About all you can point to is the dashboard, and there we'll have to agree. VW doesn't even supply a speedometer marked off with shift points anymore, not to mention a tach. How the hell could any Speedster owner drive a car so remiss in supplying basic information? What happens when the clutch cable breaks (which it did about every 850 miles on every Speedster ever built)? With a tech all that would mean is the inconvenience of a push start until you got around to threading a new cable...but to be asked to risk a gearbox solely on the sensitivity of your ear is too much even for a Speedster driver. On the real thing the only gauge you could see without shifting hands was the tach-and for that you barely had to shift your eyes. Searching through the local Pep Boys for a tach is going to be required, if a Ghia is to be seriously considered as an ersatz speedster, only if the Ghia does more than feel like a Speedster. It has to do more than that - a lot more. It has to perform the same, certainly, but most importantly, it has to handle - that was what a Speedster really was all about.
When it came time for the head-to-head confrontation at New York Speedway, the staff of Car and Driver had laid enough personal bets to have been able to open one of New York's Off Track Betting offices right on the sixth floor of One Park Avenue... and almost every one of them on a purely emotional basis as to what every bettor wanted to happen. We've tested VWs, we've tested, driven and owned Porsches, but we must have contracted a collective case of Speedster Marque Chauvinism because we've never tested a Karmann Ghia. (in fact, it was hard to find a staff member who would admit to having driven one in the past 18 months.) And the outrage of the premise we were testing out was seemingly verified just in acquiring proper test cars. We had expected trouble in finding a 1600 Normal Speedster that would be representative of the over-the-counter version sold in 1956-58, but we finally located Don Yuhas, about 22 miles from our office. His car, aside from a rollbar and an Abarth exhaust (both of which he felt necessary for his occasional participation in autocrosses) was strictly as sold in 1956, for $2995. For its rival, we selected a Karmann Ghia Convertible (what else?) with no options, which currently has a suggested list price of $3099-certainly a reasonable cost-of living increase over more than a decade should it match up.
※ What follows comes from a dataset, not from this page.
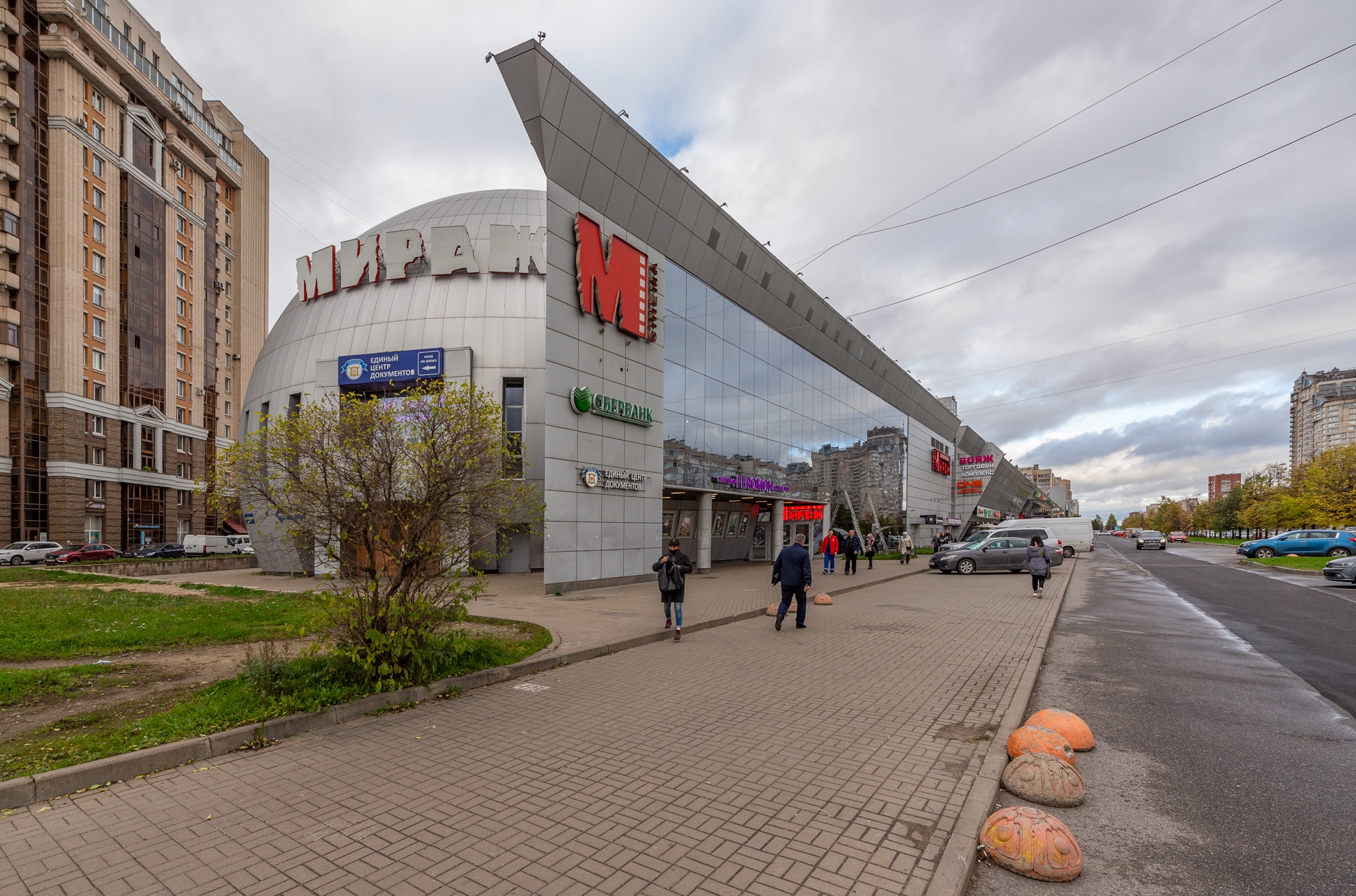 Озерки. Торговый центр Озерки Санкт-Петербург. ТЦ Вояж СПБ В Озерках. Проспект Энгельса 124. Мираж СПБ Озерки.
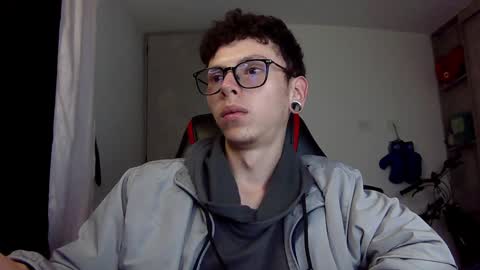 Snapshot of vicent_brais chatting on 12.18.24 Vicent Brais online show from 12.18.24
It does. Despite its rated 10 horsepower deficit to the Speedster, smog gear and 130 extra pounds, the '72 Ghia didn't let down its backers by much in the acceleration tests (where the Speedster group was expecting a TKO). It proved to be just over a second and 4 mph slower than the Speedster at the end of the quarter-mile. (To prove that we weren't using a Speedster with a wet fuse, Yuhas' car ran 18.6 sec., which compares more than favorably with contemporary road tests of the car in 1956, which claimed 18.8 for a 1600N and 19.2 for one, equipped with a 1500cc engine.) We would be less than candid however, if we didn't state that the Porsche certainly felt and sounded better. Part of the difference undoubtedly came from the VW's puny one-barrel, carburetor and exhaust system that requires spent gases to travel through a Victorian maze before exiting the car through two chromed pipe stems, but at least as much of the lack of performance feel is the fault of the transmission. The Porsche smoothly climbs its way through its four gear ranges with no drastic drop-offs. In undeniable contrast, the Ghia rears up on the line. (there is virtually no anti-squat in the suspension) and sails up to top rpm in first and second nearly as quickly as you can shift. But there is a tremendous gap between second and third (see data panel) that ruins it all, It's like you've driven into an invisible wall of elastic Saran-Wrap and the Ghia has to struggle forward. Unfortunately, it never bursts through that boundary, as fourth-as in the Speedster an overdrive range-is more of the same. The answer to this problem is getting better over-3000 rpm performance from the VW engine-not just for extra performance but to increase drivability. The solution isn't free, but it's readily available from one of the multitude of manufacturers specializing in VW speed equipment-like carburetor/manifold kits and extractor exhaust systems and-Speedster fans will particularly love this-different transmission ratios.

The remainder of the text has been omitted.